Hey @andskli it seems to be the CustomResource that installs either the EC2NodeClass or the NodePool. As I have said the cluster is basically without nodes at that point and the custom resource that should remove those two resources just times out. Does that help?
Edit: So I recreated my example in our account and here you see the failed resource:
The resource that could not be removed:
And the lambda that times out:
I'm not sure if this is related, but we also just ran into an issue deleting the stack. In our case it failed on trying to delete the NodeRole and a NodeClass. In cloudfromation the event error message points to the instance profile:
Karpenter Node Role:
Resource handler returned message: "Cannot delete entity, must remove roles from instance profile first.
A node class that we provisioned using karpenter.addNodeClass
CloudFormation did not receive a response from your Custom Resource. Please check your logs for requestId [0a56d113-0455-4c30-bca2-9b64cb2be7fa]. If you are using the Python cfn-response module, you may need to update your Lambda function code so that CloudFormation can attach the updated version.
All we did in this case was add karpenter to an existing stack, provision a node class to test, and then tried to tear it down.
@andskli is there any update on this?
Have not had much time to look at this. Had a quick check-in and I am able to reproduce using your example, so thanks for that @lucavb.

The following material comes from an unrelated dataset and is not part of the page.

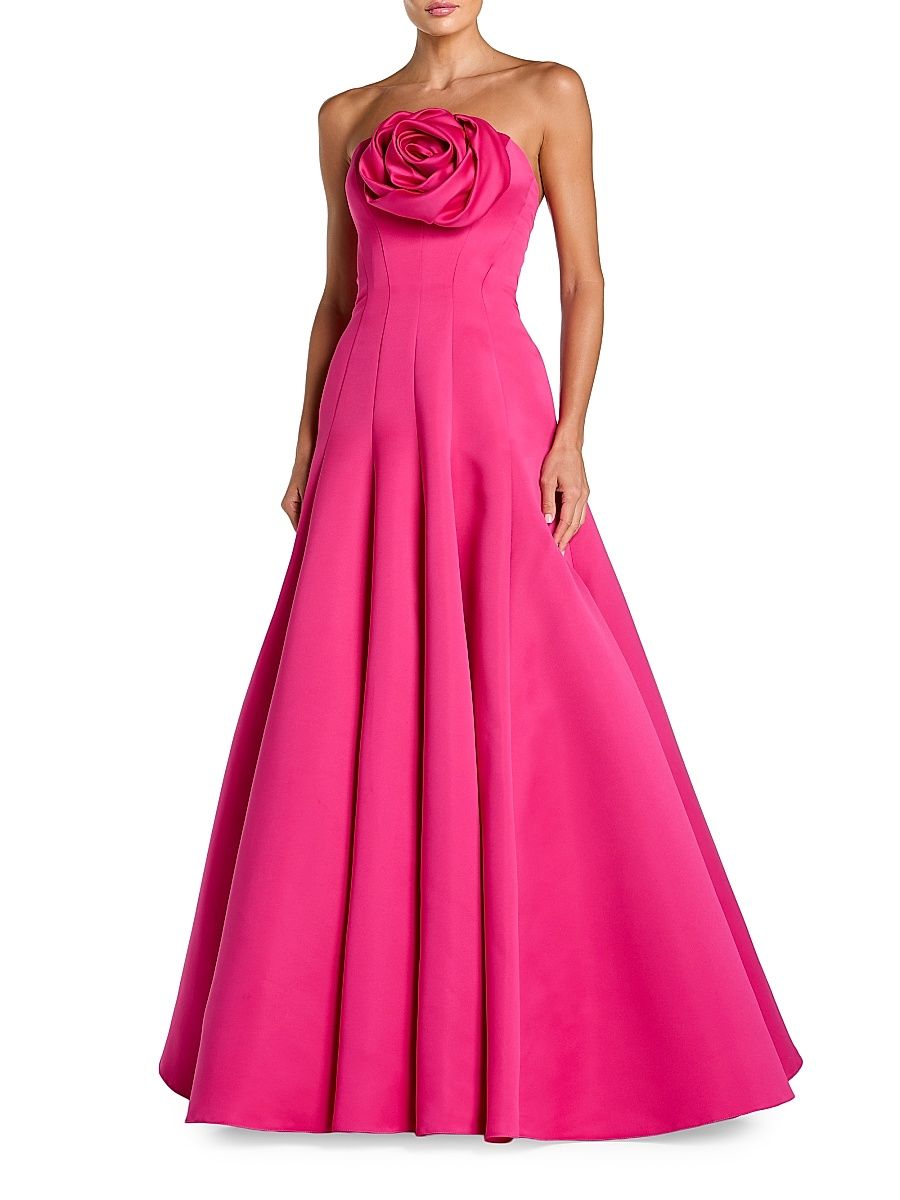 Women's Rosette Satin Strapless Ball Gown - Fuchsia - Size 14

Leaving the following as a note to future self or anyone willing to pick this issue up in the next few weeks as I won't be able to (summer holiday):
What seems to happen is that the EC2NodeClass doesn't get deleted because of the finalizer applied to the resource. I am not sure exactly how to solve this, perhaps we can utilize dependencies between NodePool and EC2NodeClass in a clever way somehow, or perhaps we can work on getting a force delete/remove finalizer option into upstream CDK resource which addEC2NodeClass() and addNodePool() uses under the hood.
Status updates:
- Observation: If I only deploy the karpenter helm-chart, and don't deploy any karpenter kubernetes CRD yaml manifests.

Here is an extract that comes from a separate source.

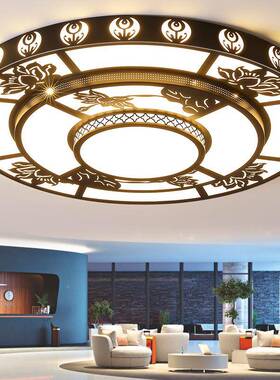 客厅灯025e年新款现2代简约大气智能中式大圆灯黑色1.米ld882吸顶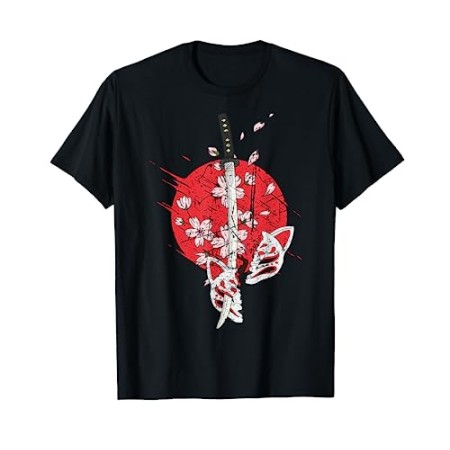 Japon Anime Masque Kitsune Style Samurai Oni Monster T-Shirt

const karpenter = new Karpenter(stack, 'Karpenter', {
cluster: cluster,
namespace: 'kube-system',
version: '1.3.3', //https://gallery.ecr.aws/karpenter/karpenter
nodeRole: config.karpenterNodeRole, //custom NodeRole to pass to Karpenter Nodes
helmExtraValues: { //https://github.com/aws/karpenter-provider-aws/blob/v1.3.3/charts/karpenter/values.yaml
replicas: 1,
},
});
karpenter.node.addDependency(cluster.awsAuth); //editing order of operations to say deploy karpenter after cluster exists
Then cdk destroy still fails, and it fails immediately within 1 second of running.
cdk destroy dev1-eks
Here's the error message I get:
10:43:34 AM | DELETE_FAILED | Custom::AWSCDK-EKS-HelmChart | dev1-eks/chart-kar...r/Resource/Default
Received response status [FAILED] from custom resource. Message returned: TooManyRequestsException: Rate Exceeded.

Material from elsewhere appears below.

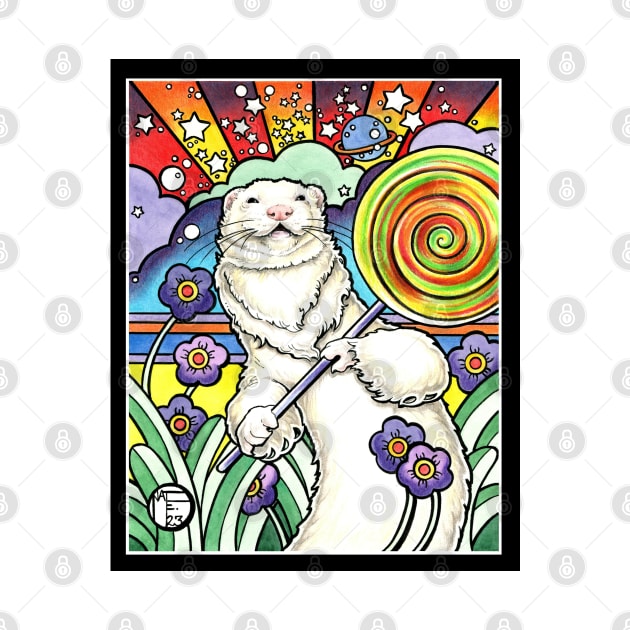 Cosmic Lollipop Ferret - Black Outlined Version by Nat Ewert Art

at de_TooManyRequestsExceptionRes (/var/runtime/node_modules/@aws-sdk/client-lambda/dist-cjs/index.js:4589:21)
at de_CommandError (/var/runtime/node_modules/@aws-sdk/client-lambda/dist-cjs/index.js:3969:19)
at process.processTicksAndRejections (node:internal/process/task_queues:95:5)
at async /var/runtime/node_modules/@aws-sdk/node_modules/@smithy/middleware-serde/dist-cjs/index.js:35:20
at async /var/runtime/node_modules/@aws-sdk/node_modules/@smithy/core/dist-cjs/index.js:167:18
at async /var/runtime/node_modules/@aws-sdk/node_modules/@smithy/middleware-retry/dist-cjs/index.js:321:38
at async /var/runtime/node_modules/@aws-sdk/middleware-logger/dist-cjs/index.js:33:22
at async invokeUserFunction (/var/task/framework.js:1:2794)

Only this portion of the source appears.